# new smoker



## dmack (Jun 16, 2009)

Found myself a used Horizon Classic 16. What mods do I need to do to keep my temp fairly uniform across the entire cooking surface? 
I'm looking forward to trying it out. I will be going from a gosm and now moving to total wood. Any tips anybody can give me I would appreciate it.

dmack


----------



## rickw (Jun 16, 2009)

Having a Horizon myself I have to recommend the convection plate. I can get very constant temps with the convection plate that is installed on mine. I would also make sure to check the therm. I found the 4 Horizon therms I boil tested were way off.
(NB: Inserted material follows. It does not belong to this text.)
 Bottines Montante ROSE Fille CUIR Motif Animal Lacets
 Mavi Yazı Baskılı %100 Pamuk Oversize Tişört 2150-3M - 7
 You have a very nice smoker, congrats.

 BTW some pics would be nice.


----------



## dmack (Jun 16, 2009)

Can a guy improvise on that plate or do you think I need to spend the money and order one from Horizon? Isn't it basically a plate that runs the length of the smoker with holes in it?

dmack


----------



## waysideranch (Jun 16, 2009)

Welcome DMACK.  Nice little place here.


----------



## rickw (Jun 16, 2009)

I see no reason a person can't make one given they have the means.


----------



## dmack (Jun 17, 2009)

Well I went to a scrap yard today and picked up material for a convection plate. Actually what I did was kind of combine the idea of tuning plates and a convection plate. I found several pieces that were the width I wanted but not the length. I  am using 4 pieces I drilled holes in each (each piece has a different size of hole). I can slide the pieces apart in varying distances. I had a piece that was plenty long and then remembered someone said not to use galvanized metal, so I went with the short pieces. I also added a baffle. 

Tomorrow is wire brush and paint day. I bought it used and it was kept outside so it needs a little attention. I ordered a cover for it so once I get it restored it should stay in good shape with some TLC. I would like to replace the handles and don't want to order them from Horizon (they charge too much for their accessories and the shipping is high). anyone know where you can by the wire coil handles for smokers?

dmack


----------



## the iceman (Jun 17, 2009)

Explore this site...

http://www.kck.com/bbq_pit_spring_ha...ood_stove.html


----------



## dmack (Jun 17, 2009)

They've got them. I wondered if any of the box stores had them.


----------